■ **Assigned task**
Reproduce the entries word for word, and omit any picture you find in them.
------
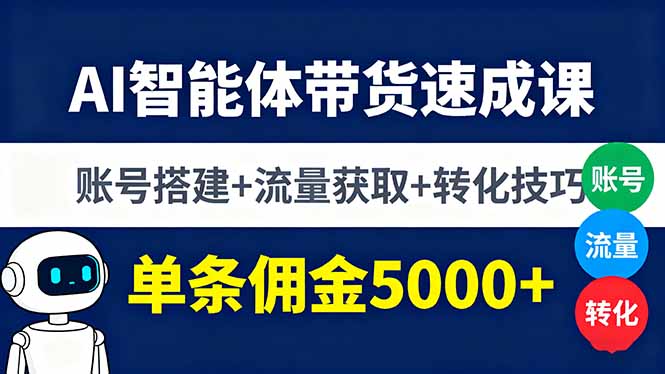 AI智能体带货速成课，账号搭建+流量获取+转化技巧，单条佣金5000+-壹浩聊项目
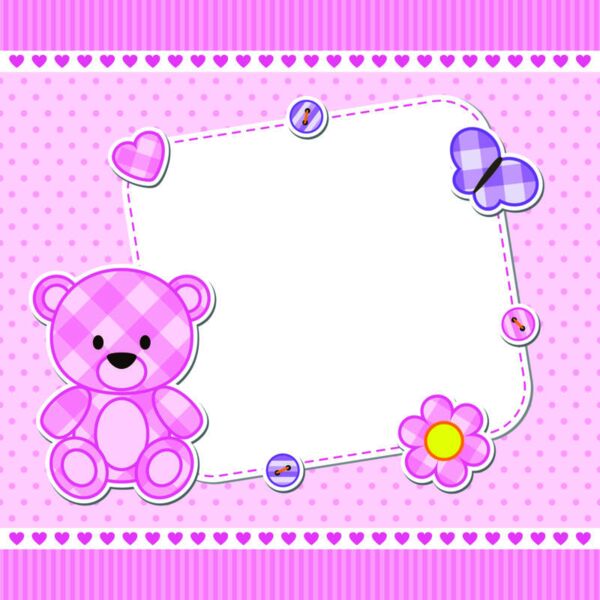 Royal  Cute Teddy Bear  Background Designs with Frame  Kids Girls Background Background  KGB 29 Thumbnail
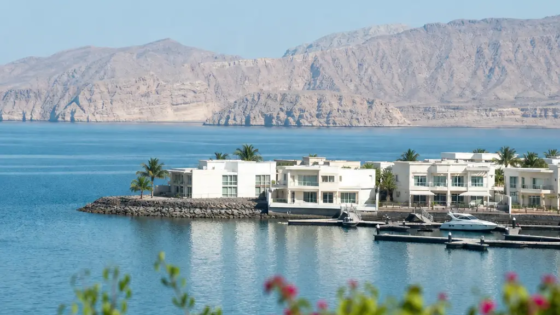 Aerial View Of A Muscat Waterfront Community With Marina, Villas And Mountains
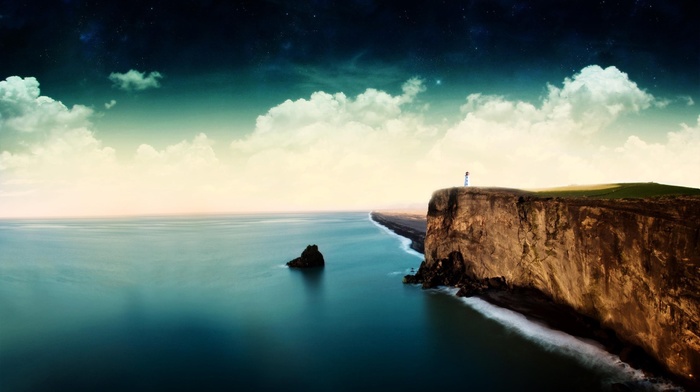 cliff, sea, clouds, stars, lighthouse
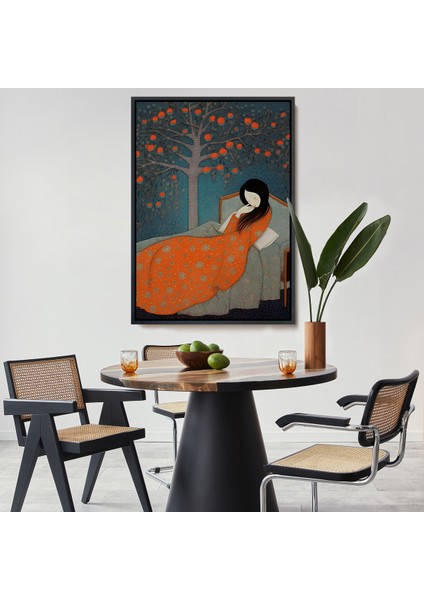 Çerçeveli Dekoratif Kanvas Tablo, Yatakta Uyuyan Asyalı Kadın TABLOSU-8007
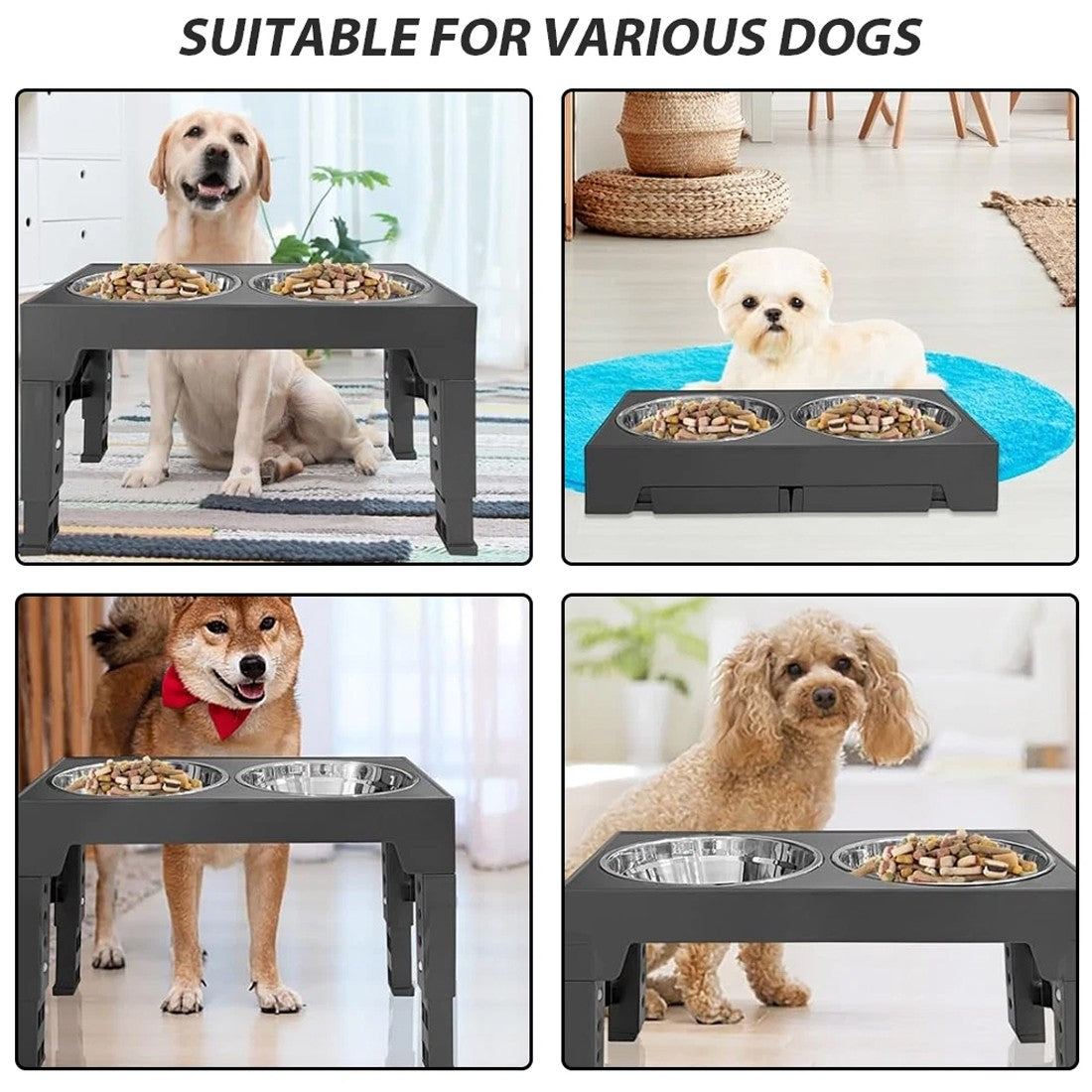Large Dog Food Feeding Stand Station Stainless Steel Double Raised Bowls Feeding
------
■ **Solution**
 AI智能体带货速成课，账号搭建+流量获取+转化技巧，单条佣金5000+-壹浩聊项目
 Royal  Cute Teddy Bear  Background Designs with Frame  Kids Girls Background Background  KGB 29 Thumbnail
 Aerial View Of A Muscat Waterfront Community With Marina, Villas And Mountains
 cliff, sea, clouds, stars, lighthouse
 Çerçeveli Dekoratif Kanvas Tablo, Yatakta Uyuyan Asyalı Kadın TABLOSU-8007
Large Dog Food Feeding Stand Station Stainless Steel Double Raised Bowls Feeding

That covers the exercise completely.